=== Recorded information ===
--- START ---
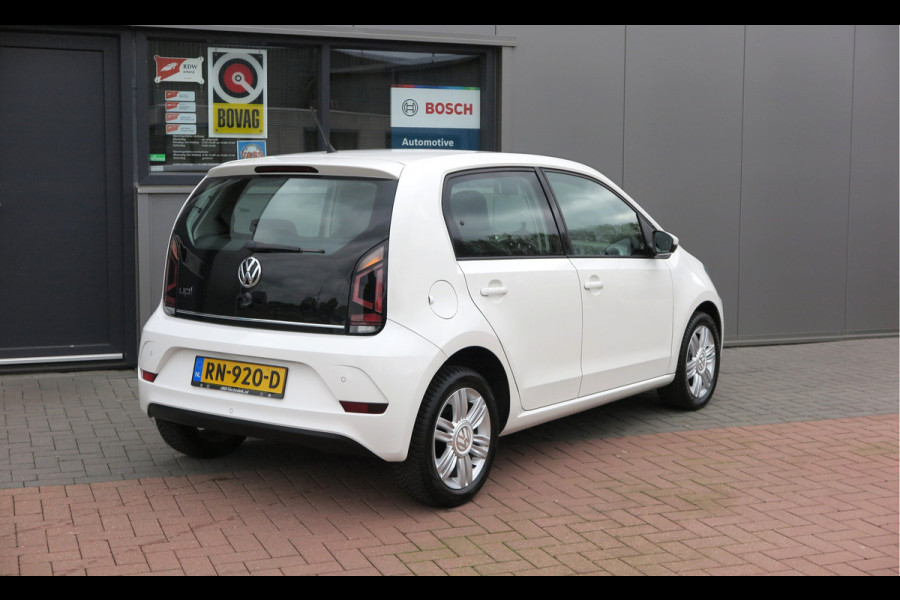 Volkswagen up! 1.0 BMT high up! (Facelift) , Cruise control , Parkeersensor, Navi via APP, Lichtmetalen velgen, Telefoon integratie , Nieuwe APK , etc. Onderhoudshistorie vanaf 30.000 km hier volledig bekend en recent.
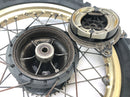 Yamaha XT 500 1U6 [1981] - Roda traseira com raios dourados 1,85 x 18" com freio a tambor-6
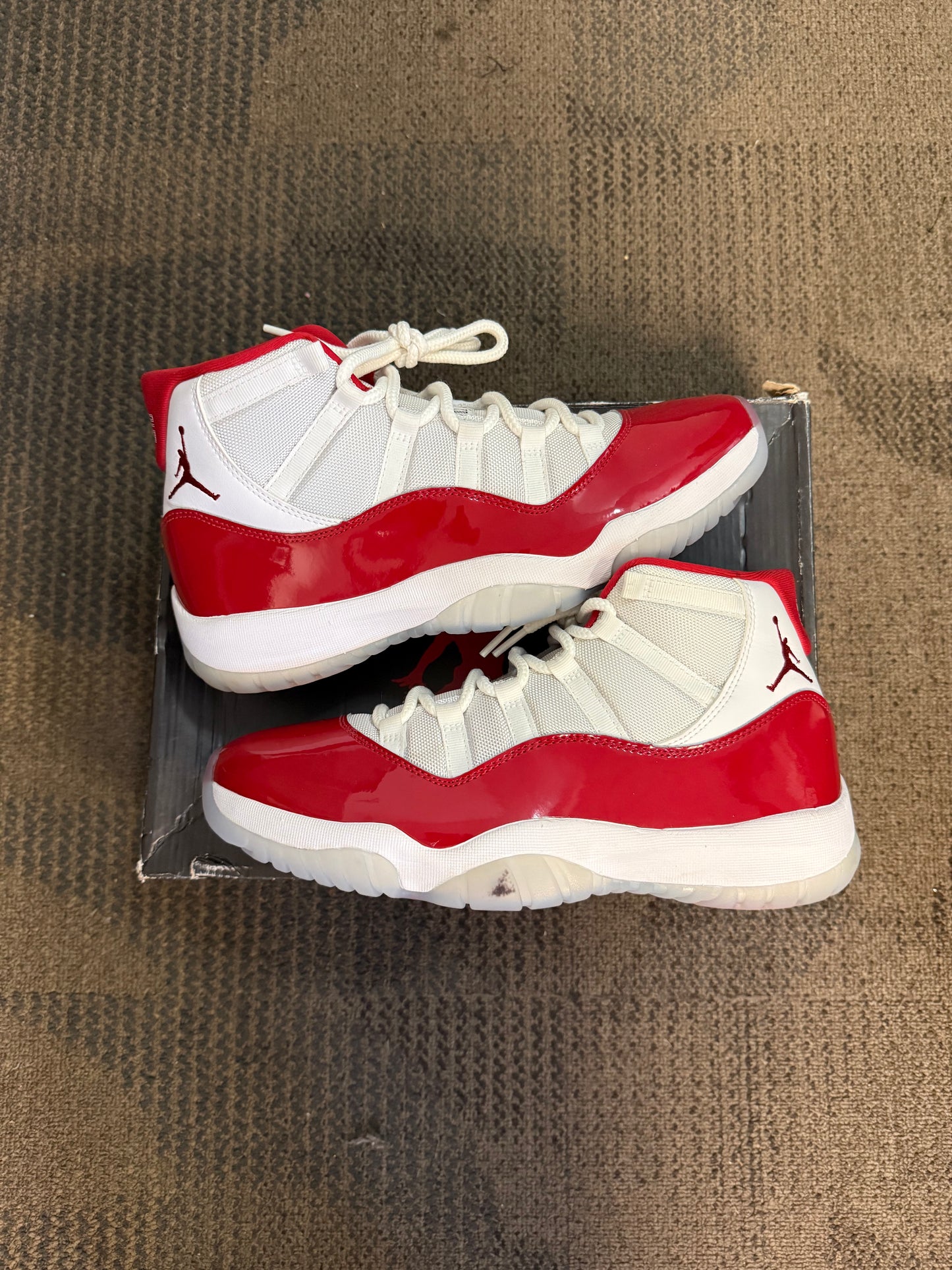 Jordan 11 Retro Cherry (2022) SZ 11.5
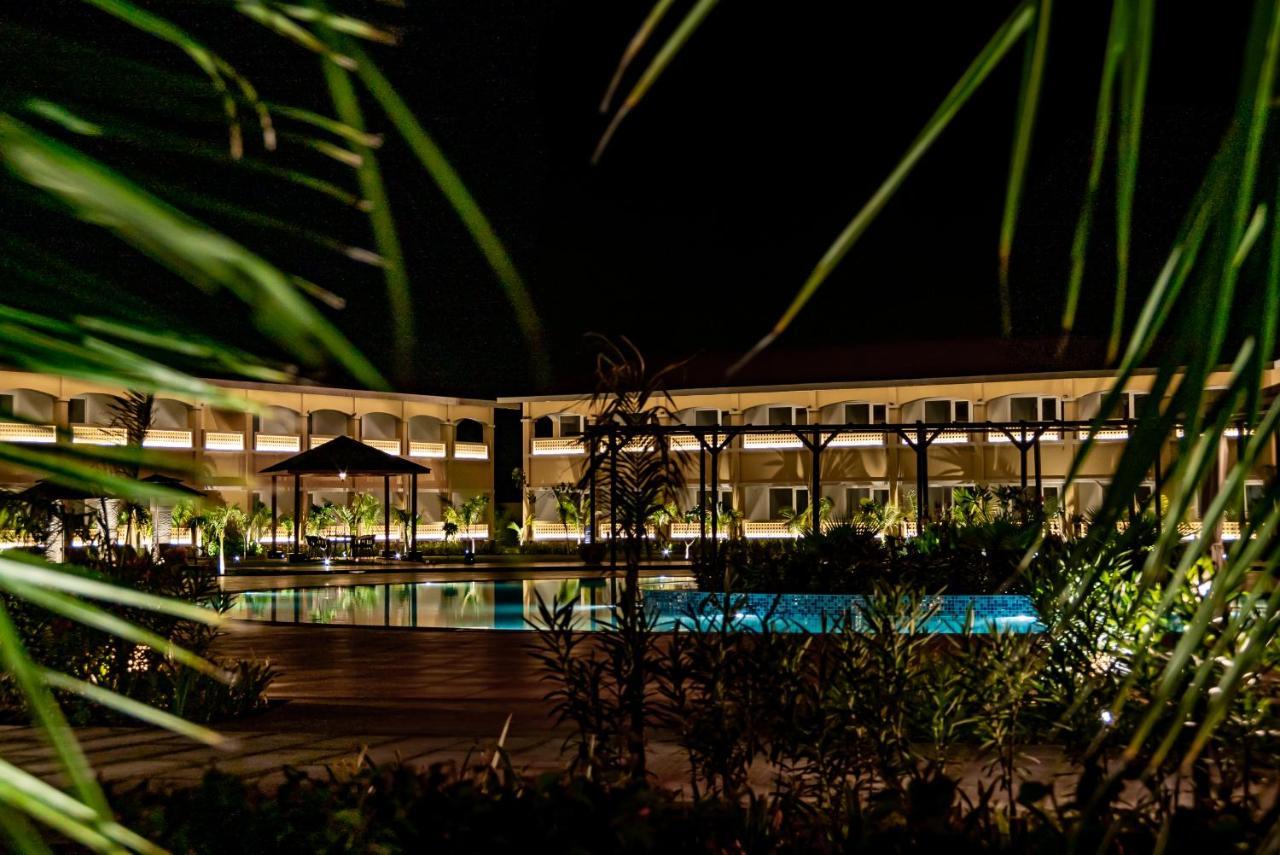 Hawthorn Suites By Wyndham Dwarka Ngoại thất bức ảnh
--- END ---
=== Assignment ===
The result should be the full material above, word for word, with its pictures omitted.

=== Written reply ===
 Volkswagen up! 1.0 BMT high up! (Facelift) , Cruise control , Parkeersensor, Navi via APP, Lichtmetalen velgen, Telefoon integratie , Nieuwe APK , etc. Onderhoudshistorie vanaf 30.000 km hier volledig bekend en recent.
 Yamaha XT 500 1U6 [1981] - Roda traseira com raios dourados 1,85 x 18" com freio a tambor-6
 Jordan 11 Retro Cherry (2022) SZ 11.5
 Hawthorn Suites By Wyndham Dwarka Ngoại thất bức ảnh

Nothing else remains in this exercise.